Because of that, Spielman said, building plenty of depth will also be an offseason priority along with figuring out who the starter will be. The Vikings have already checked one box off their list as they hired John DeFilippo as the team;s new Offensive Coordinator on Friday morning.
"With our situation, quarterback depth has been pretty important," Spielman said. "Then you look at other teams around the league, and guys never miss.
"For whatever reason, we've had to go through some injuries at that position," Spielman added. "We're always trying to be aggressive, just from the history we've had at that position over the last few years, to make sure we have as much depth as possible."
Although Spielman is aware of the scenario that lies in front of him, he said he is not surprised by it.
When the Vikings traded for Bradford 17 months ago and then signed Keenum this past offseason, they knew a choice would eventually have to be made.
"Regardless of who the quarterback is, we have planned for this two years back," Spielman said. "We don't just start planning for this year on our cap. There's a process in place for everything we do, and it's done very thoroughly, and it's also is looking out into the future.

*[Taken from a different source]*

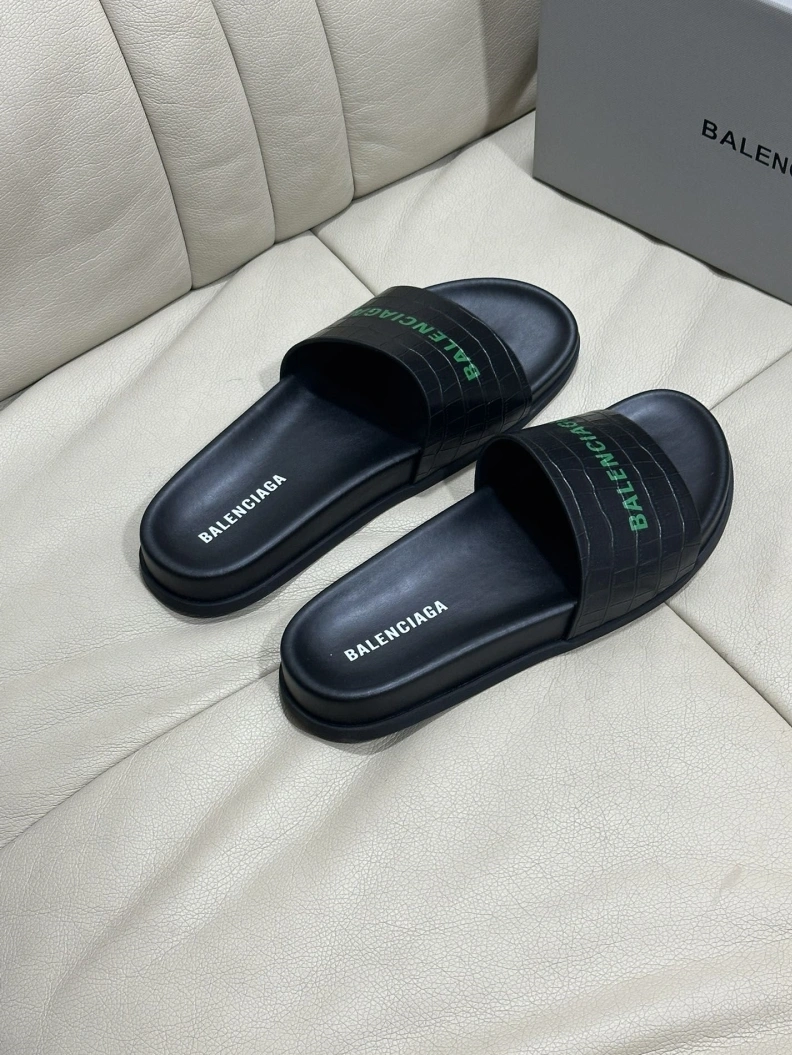 Bxlxnciaga Slippers Cozy 109315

"Knowing as these players develop and become good players you don't want to lose, we're targeting guys … two years from now, we're going to have to pay this guy," Spielman added. "I never want to get into the mode of 'All-in this year,' because I don't want to start back over again. It's always looking to not only put the best plan on the field this year, but also can we keep these players for year after year?"
That's the goal the Vikings aspire to reach at each position each spring, but especially at quarterback entering the 2018 offseason.
"That's certainly your dream scenario and something we're always working on," Wilf said of finding a long-term answer. "It's a matter of trusting the process, but we'll work with what's in front of us. Who's on our roster, who's out there, who can we draft?
"There are a lot of moving parts, but as ownership, we have a lot of confidence that we have the right people monitoring that," Wilf added.